2L = -(1-\frac{2M}{r})\dot{t^2} + (1-\frac{2M}{r})^{-1} \dot{r^2} + r^2(\dot{\theta^2} + sin^2\theta \dot{\phi^2}), where L is the Lagrangian.

 

Can someone explain what the step between these two equations?

 

PS: I don't know how to make the latex code work here.

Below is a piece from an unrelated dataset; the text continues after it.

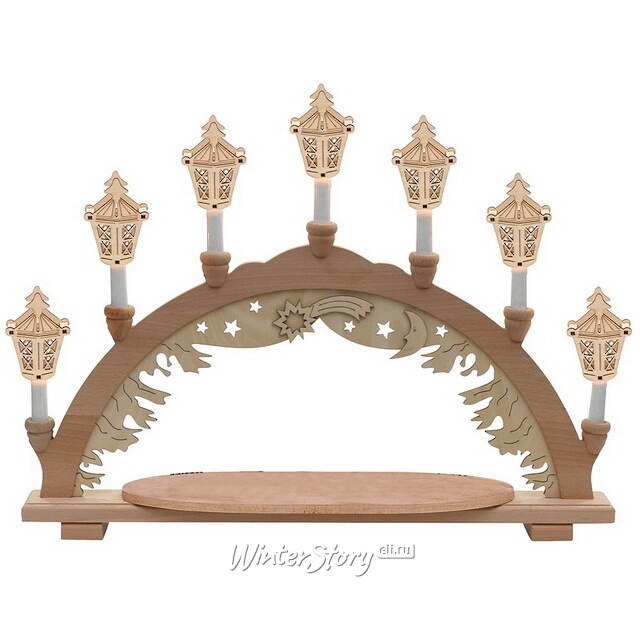 Украшение для рождественской горки Фонарик 8 см, 6 шт, дерево Sigro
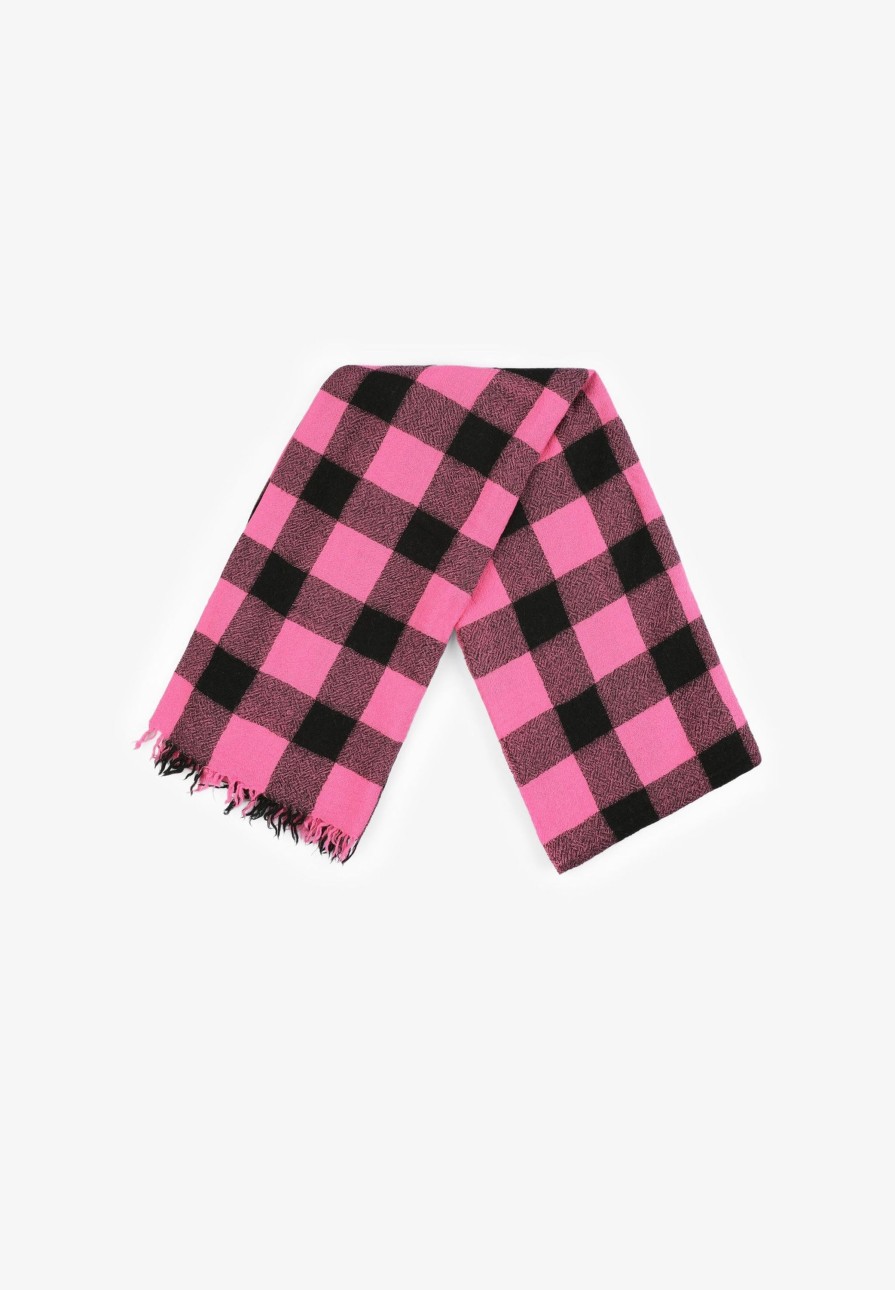 Clearance scalperscompany Check Scarf With Frayed Trim Pink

We have three ways. You can use the [ math ] tags or the [ latex ] tags. You can also input LaTeX code into a feature in the text editor.

 

[math]ds^2 = -(1-\frac{2M}{r})dt^2 + (1-\frac{2M}{r})^{-1} dr^2 + r^2(d\theta^2 + sin^2\theta d\phi^2)[/math]

 

[math]2L = -(1-\frac{2M}{r})\dot{t^2} + (1-\frac{2M}{r})^{-1} \dot{r^2} + r^2(\dot{\theta^2} + sin^2\theta \dot{\phi^2})[/math]

[elfmotat]

Since we know that the equation of motion for a test particle is the geodesic equation, the action should yield the geodesic equation. We also know geodesics correspond to paths of shortest length, as can easily be demonstrated by measuring distances on, for example, the surface of a sphere. The path along a great-circle of the sphere is the shortest path connecting two points. Therefore when you minimize the action, it should correspond to the path of shortest length. This implies that the action should be:

 

[math]S=\int ds=\int \sqrt{g_{\mu \nu} \frac{dx^\mu}{d\lambda} \frac{dx^\nu}{d\lambda}} d\lambda[/math]

 

So the Lagrangian is just: [math]L=\sqrt{g_{\mu \nu} \frac{dx^\mu}{d\lambda} \frac{dx^\nu}{d\lambda}}[/math].

 

Similarly, you can also show that the Lagrangian [math]L=g_{\mu \nu} \frac{dx^\mu}{d\lambda} \frac{dx^\nu}{d\lambda}[/math] also yields the geodesic equation when plugged into the Euler-Lagrange equations. This is the Lagrangian that your author used.